Failure
Failure means not achieving what you set out to do. But how you interpret failure changes everything. Learn its meaning, the difference between failure and setback, and how to use this word wisely.
Simple meaning
Failure means not achieving what you intended — an outcome that did not go as planned.
Detailed meaning
Failure is one of the most emotionally charged words in any language. We are taught to avoid it, fear it, and hide it. But what makes failure useful — or damaging — is not the event itself.
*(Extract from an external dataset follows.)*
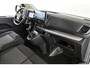 Opel Vivaro 2.0 Diesel 145 L2 Apple CarPlay Achteruitrijcamera Stoel-Stuurverwarming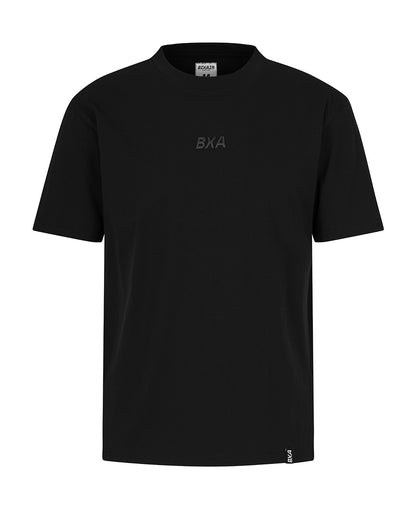 Bixair® Unisex daily Line Shirt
It is the interpretation.
Researchers on growth mindset (notably Carol Dweck) show that people who treat failure as information — "what did not work?" — learn faster and recover more quickly than those who treat it as a verdict on their worth.
Failure is also different from a setback or a mistake:
- A mistake is an error in judgment or execution — usually smaller and correctable.
- A setback is something that slows or delays progress — often external.
- A failure is a larger, more significant outcome that did not match the intention.
Word forms:
- Failure (noun) — the outcome: "a learning failure"
- Fail (verb) — to not succeed: "He failed the test."
- Failed (adjective) — describes something that did not succeed: "a failed attempt"
- Failing (noun) — a personal weakness or shortcoming: "honesty about one's failings"
Common phrases:
- "Fear of failure" — the anxiety that stops people from trying
- "Learn from failure" — to extract useful information from what went wrong
- "Failure is not the opposite of success — it is part of it" — a reframe widely attributed to Arianna Huffington
- "Epic fail" — informal, for a spectacular or embarrassing failure
Where to use it
- Personal growth — "Every expert was once a beginner who failed repeatedly — and kept going anyway."
- Business and innovation — "The company ran small experiments, accepting failure as the cost of learning fast."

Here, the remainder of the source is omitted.